GAGELER J:   That is the problem, though, is it not?  If a refusal of special leave to appeal in a case is going to be treated as reinforcing this line of authority then it will continue to be reinforced until such time as special leave to appeal is granted in the case.

MR TIERNAN:   I hear what your Honour says but maybe this, as I say, is not the vehicle for this occasion out of submissions based on justice as I have outlined them.  At the end of the day we are dealing with a domestic building contract.  We are not dealing with the State of Victoria against the Metro Rail Authority.  We are dealing with a home owner and a small builder and he has run his case based upon the law, grounds 1 and 2 were not taken, he has seen it through to now the fourth proceeding and we submit that it therefore ought not be raised by way of an appeal.  Going back to page 191 of the application book, in the second‑last paragraph, and continuing the point supporting it, in Sopov it says:

The right of a builder to sue on a quantum meruit following a repudiation of the contract has been part of the common law of Australia for more than a century.  It is supported by decisions of intermediate courts of appeal in three States, all of which postdate McDonald –

That is the Dennys Lascelles decision:

and two of which postdate Pavey & Matthews.  If that remedy is now to be declared to be unavailable as a matter of law, that is a step which the High Court alone can take.
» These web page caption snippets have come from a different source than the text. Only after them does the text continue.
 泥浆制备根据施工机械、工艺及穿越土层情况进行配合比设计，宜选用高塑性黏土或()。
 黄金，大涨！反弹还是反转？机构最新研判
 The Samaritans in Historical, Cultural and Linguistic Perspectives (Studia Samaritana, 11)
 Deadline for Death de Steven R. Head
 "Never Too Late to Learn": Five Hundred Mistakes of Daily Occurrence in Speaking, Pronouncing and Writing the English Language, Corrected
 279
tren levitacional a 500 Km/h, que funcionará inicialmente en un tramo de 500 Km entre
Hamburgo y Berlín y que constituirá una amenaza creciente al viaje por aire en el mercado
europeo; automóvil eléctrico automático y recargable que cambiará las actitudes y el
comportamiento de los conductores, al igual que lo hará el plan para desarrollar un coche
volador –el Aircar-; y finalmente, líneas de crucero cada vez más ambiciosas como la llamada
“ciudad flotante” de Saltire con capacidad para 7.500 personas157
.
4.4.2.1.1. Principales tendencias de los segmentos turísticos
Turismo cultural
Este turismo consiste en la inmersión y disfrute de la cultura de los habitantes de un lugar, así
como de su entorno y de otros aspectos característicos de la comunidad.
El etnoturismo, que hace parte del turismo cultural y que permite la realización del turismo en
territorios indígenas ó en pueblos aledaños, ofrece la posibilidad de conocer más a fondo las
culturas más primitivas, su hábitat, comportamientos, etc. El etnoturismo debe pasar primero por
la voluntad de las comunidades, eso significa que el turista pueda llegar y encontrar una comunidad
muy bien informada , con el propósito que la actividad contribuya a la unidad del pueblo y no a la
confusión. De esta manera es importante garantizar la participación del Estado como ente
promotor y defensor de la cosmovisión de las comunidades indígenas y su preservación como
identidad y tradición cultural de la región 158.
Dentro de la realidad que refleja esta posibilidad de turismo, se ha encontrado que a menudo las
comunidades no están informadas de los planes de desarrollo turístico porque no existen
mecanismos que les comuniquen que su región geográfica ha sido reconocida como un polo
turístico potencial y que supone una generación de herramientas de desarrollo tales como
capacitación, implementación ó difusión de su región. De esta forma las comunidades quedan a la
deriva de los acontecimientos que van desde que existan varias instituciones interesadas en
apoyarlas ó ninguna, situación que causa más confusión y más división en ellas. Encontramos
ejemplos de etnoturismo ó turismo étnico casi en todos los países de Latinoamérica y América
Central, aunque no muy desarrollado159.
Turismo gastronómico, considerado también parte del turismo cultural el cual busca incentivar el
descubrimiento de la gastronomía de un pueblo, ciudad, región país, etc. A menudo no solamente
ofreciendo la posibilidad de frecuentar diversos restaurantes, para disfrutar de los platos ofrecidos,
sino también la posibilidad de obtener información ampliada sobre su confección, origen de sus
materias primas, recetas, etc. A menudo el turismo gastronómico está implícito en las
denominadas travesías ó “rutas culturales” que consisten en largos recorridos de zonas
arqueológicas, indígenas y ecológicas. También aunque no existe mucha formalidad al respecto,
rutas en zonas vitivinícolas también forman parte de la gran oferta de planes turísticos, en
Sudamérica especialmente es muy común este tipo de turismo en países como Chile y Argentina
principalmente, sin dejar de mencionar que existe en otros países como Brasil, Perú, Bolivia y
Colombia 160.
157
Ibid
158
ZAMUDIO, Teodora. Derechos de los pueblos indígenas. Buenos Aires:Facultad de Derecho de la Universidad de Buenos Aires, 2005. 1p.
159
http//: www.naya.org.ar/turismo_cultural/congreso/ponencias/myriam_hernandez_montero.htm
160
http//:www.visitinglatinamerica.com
They then refer to what the High Court – this is in paragraph 93 at the bottom of application book 191 – they once again – and this harks back to your point, Justice Gageler – that the High Court refused special leave to appeal in Sopov. When you read the transcript the main reason it appears that they refused it was not because there was not some disquiet as to the principle, but because it was raised too late. Then over the page at paragraph 94 the High Court decision in Southern Han the point made there is that Sopov was referred to by the High Court as the prevailing authority. 

So for those reasons we say that what lies ahead if the appeal were successful is a very costly, time‑consuming and completely debilitating exercise which will not result, even if our client is constrained to a contract claim – if he is constrained to that claim.

Do your Honours want me to deal with also the ground 3, section 38 point at this stage?

KIEFEL CJ:   Yes, thank you.

MR TIERNAN:   With respect to the ground under 38, once again it was not a matter that was raised before the VCAT member, that is whether section 38 applies to variations – sorry, work claimed as part of a quantum meruit claim.  That point is made clear by the primary judge at paragraphs 50 and 51 of the application book at 140 and by the Court of Appeal at paragraph 114, application book 202. 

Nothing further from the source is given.